**Your objective:**
Although pictures appear in the entries below, leave them out and print exactly the lines from the first line through the line containing "Das Metallgestänge, auf".

[Short web captions]
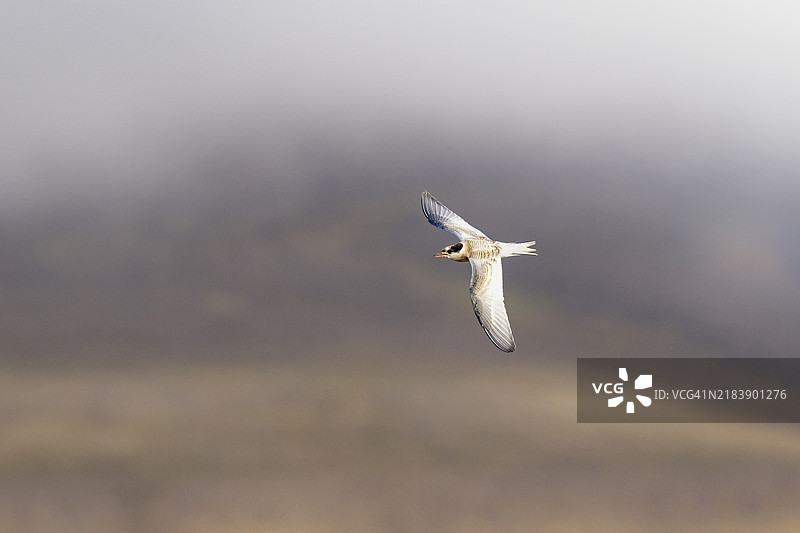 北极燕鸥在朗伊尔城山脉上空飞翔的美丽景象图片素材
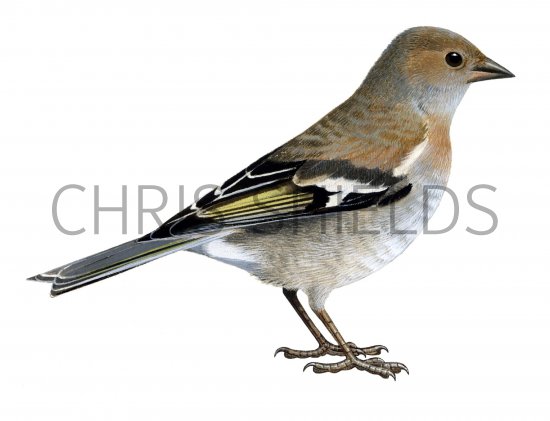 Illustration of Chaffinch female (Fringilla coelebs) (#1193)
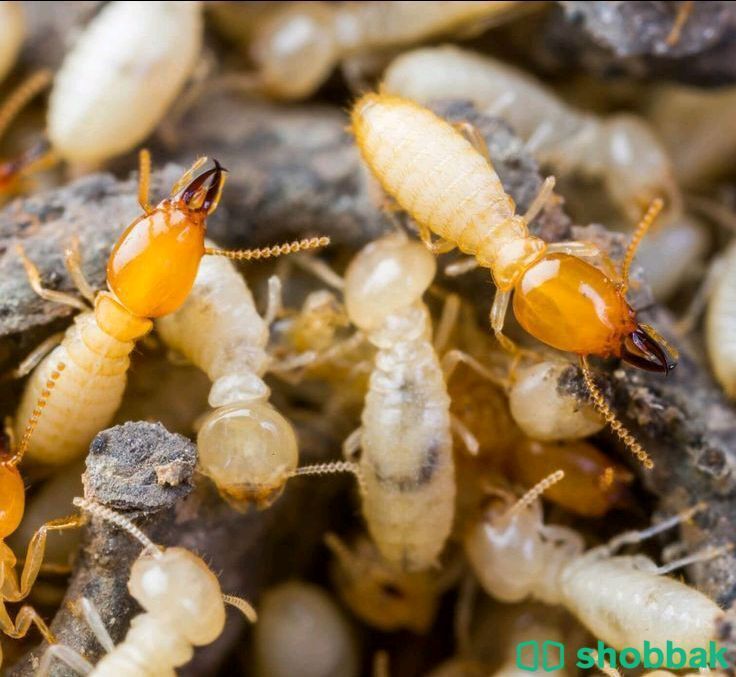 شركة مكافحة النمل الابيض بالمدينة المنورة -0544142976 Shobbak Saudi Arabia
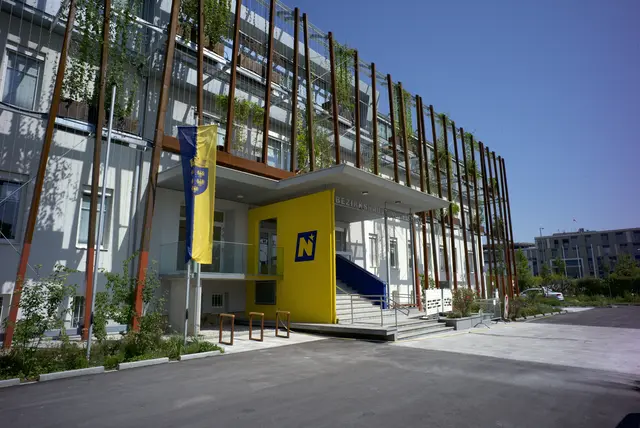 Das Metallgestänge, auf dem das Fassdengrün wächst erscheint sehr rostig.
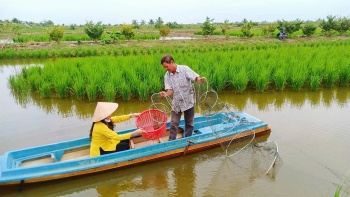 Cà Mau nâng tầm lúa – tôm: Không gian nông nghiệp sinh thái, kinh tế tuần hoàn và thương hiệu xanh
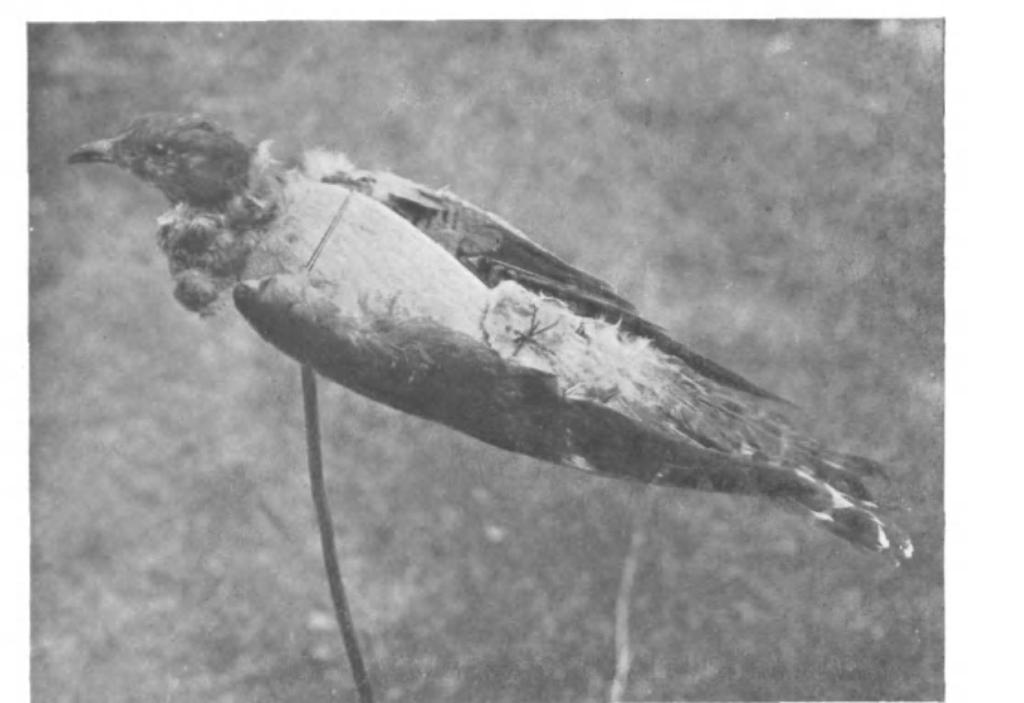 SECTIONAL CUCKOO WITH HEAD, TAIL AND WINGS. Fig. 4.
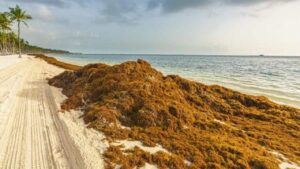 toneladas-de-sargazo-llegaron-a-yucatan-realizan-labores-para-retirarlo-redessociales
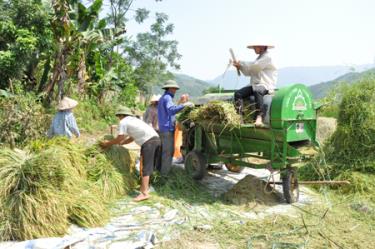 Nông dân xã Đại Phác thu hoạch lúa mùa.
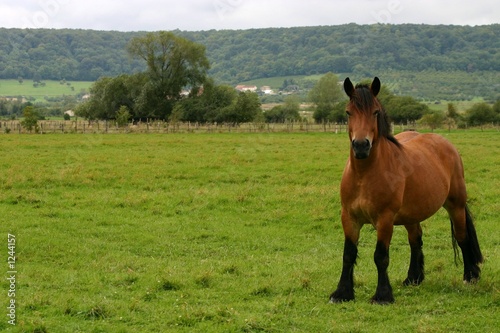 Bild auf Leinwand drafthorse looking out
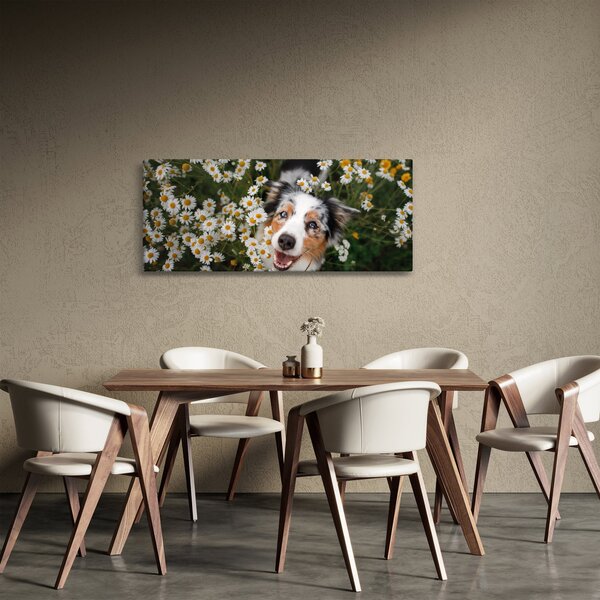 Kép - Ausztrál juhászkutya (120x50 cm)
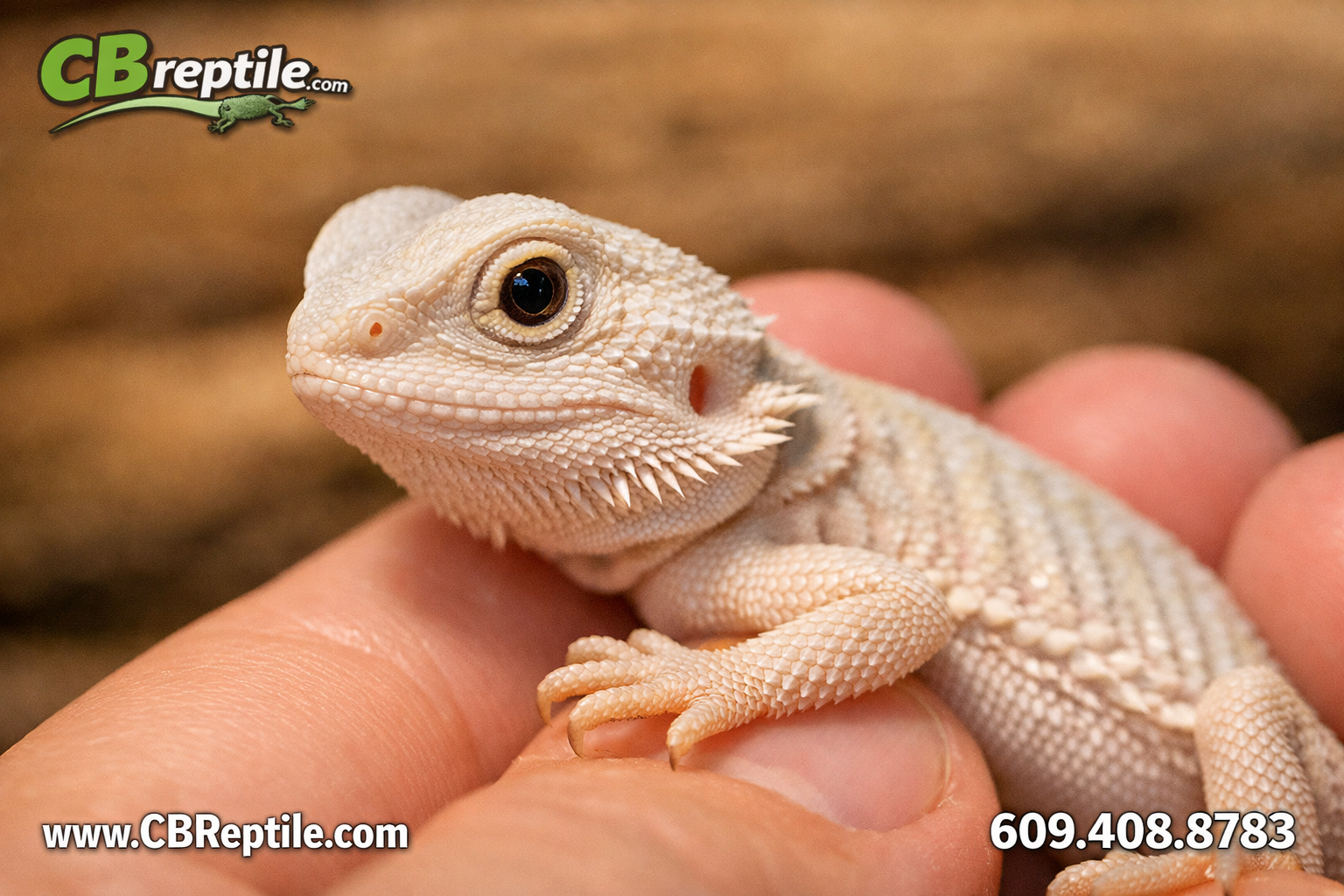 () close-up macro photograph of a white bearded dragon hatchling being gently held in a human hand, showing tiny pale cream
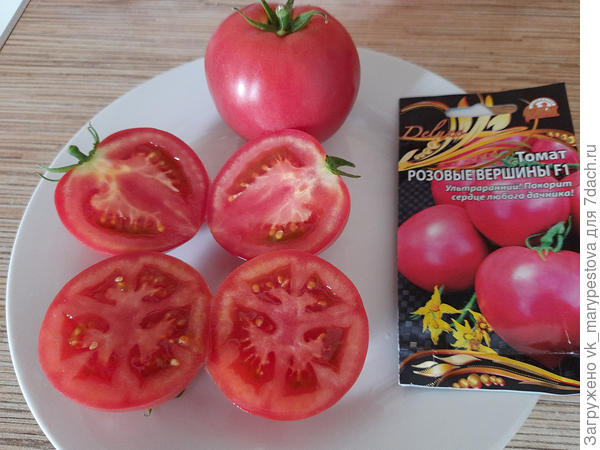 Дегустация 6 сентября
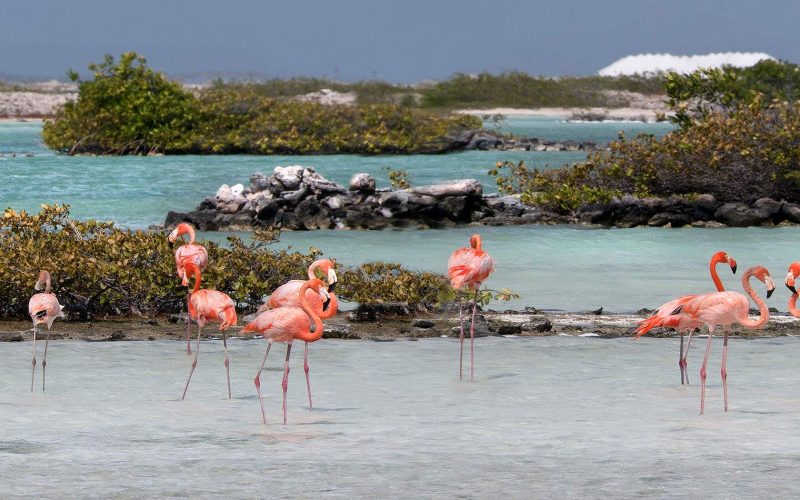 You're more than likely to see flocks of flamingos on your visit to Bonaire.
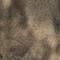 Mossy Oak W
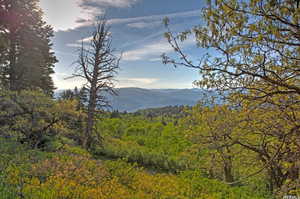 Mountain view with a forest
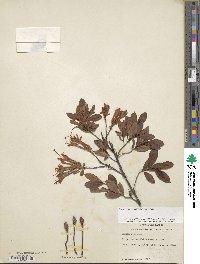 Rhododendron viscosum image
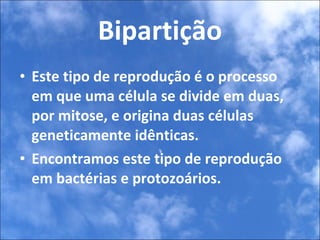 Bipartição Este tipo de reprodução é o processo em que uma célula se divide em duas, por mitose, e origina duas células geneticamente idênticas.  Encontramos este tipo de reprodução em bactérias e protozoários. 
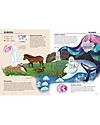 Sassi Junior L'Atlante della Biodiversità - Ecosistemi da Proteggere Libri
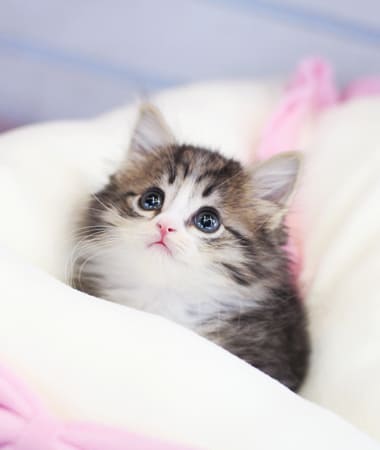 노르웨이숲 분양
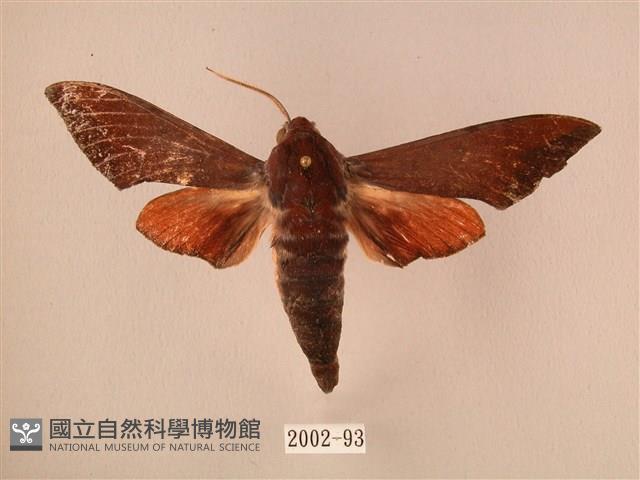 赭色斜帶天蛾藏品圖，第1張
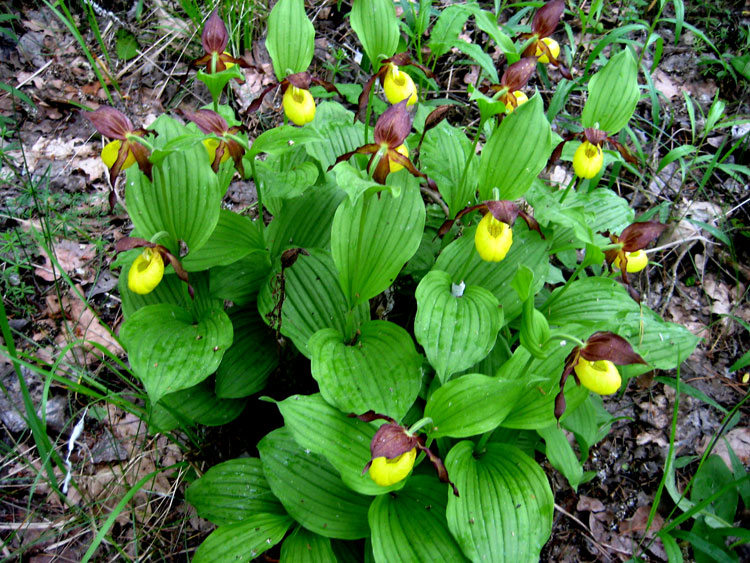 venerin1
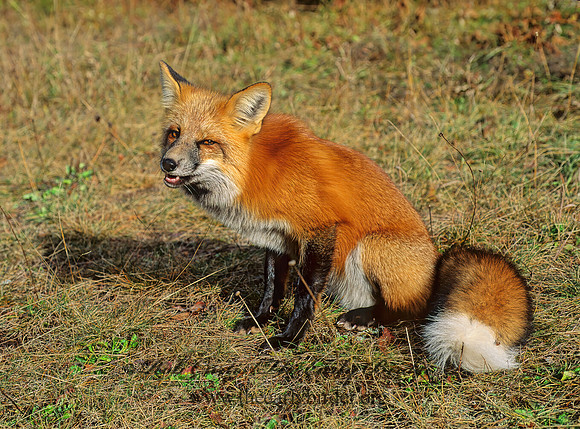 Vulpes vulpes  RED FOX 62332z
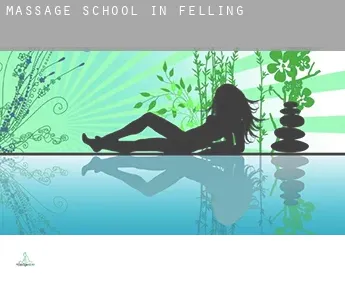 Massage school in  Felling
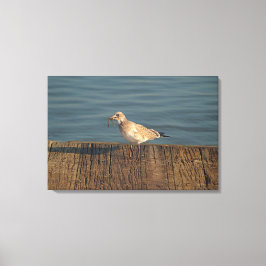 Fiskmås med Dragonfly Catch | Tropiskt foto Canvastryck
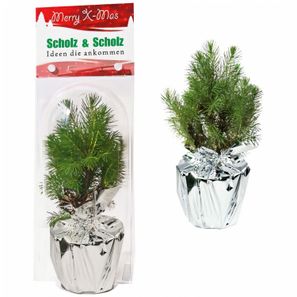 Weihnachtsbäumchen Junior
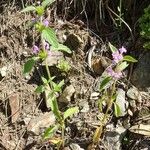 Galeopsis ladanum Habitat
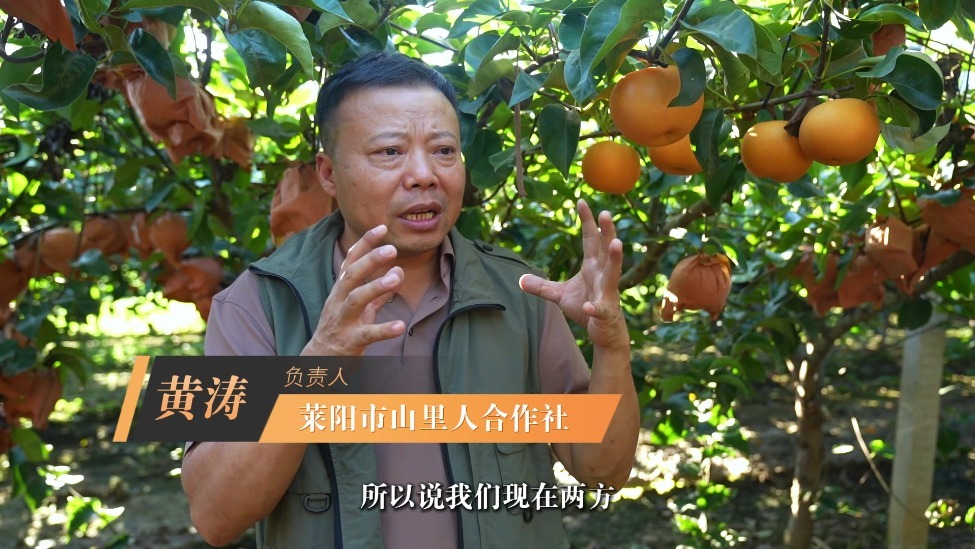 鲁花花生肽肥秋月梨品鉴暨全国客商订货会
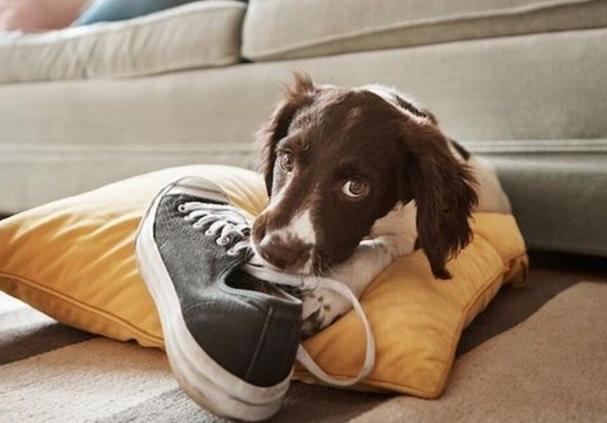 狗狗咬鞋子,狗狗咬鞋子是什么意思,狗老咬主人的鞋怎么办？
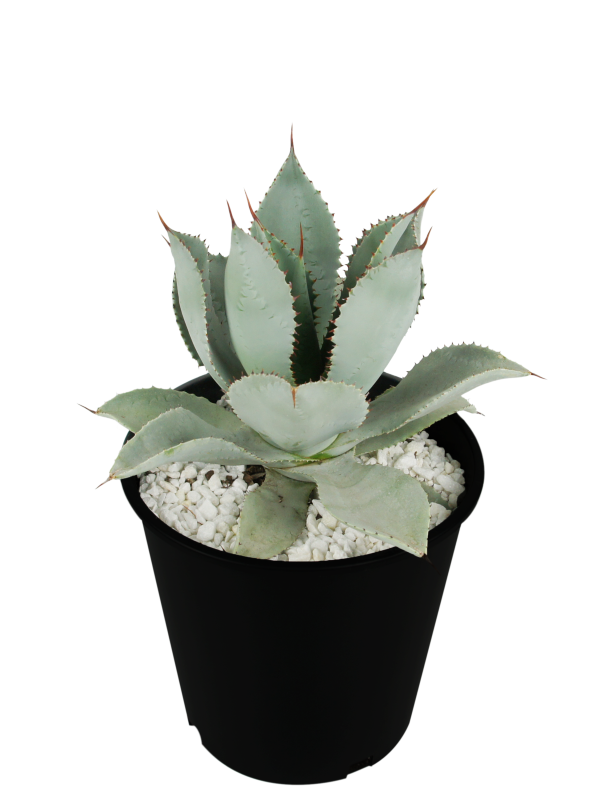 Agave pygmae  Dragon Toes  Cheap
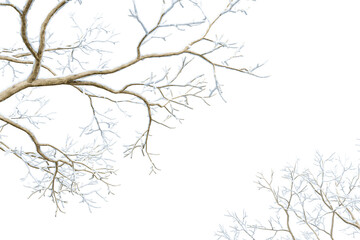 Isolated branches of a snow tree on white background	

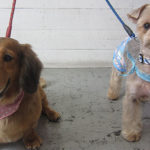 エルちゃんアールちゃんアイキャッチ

**Task solution:**
 北极燕鸥在朗伊尔城山脉上空飞翔的美丽景象图片素材
 Illustration of Chaffinch female (Fringilla coelebs) (#1193)
 شركة مكافحة النمل الابيض بالمدينة المنورة -0544142976 Shobbak Saudi Arabia
 Das Metallgestänge, auf dem das Fassdengrün wächst erscheint sehr rostig.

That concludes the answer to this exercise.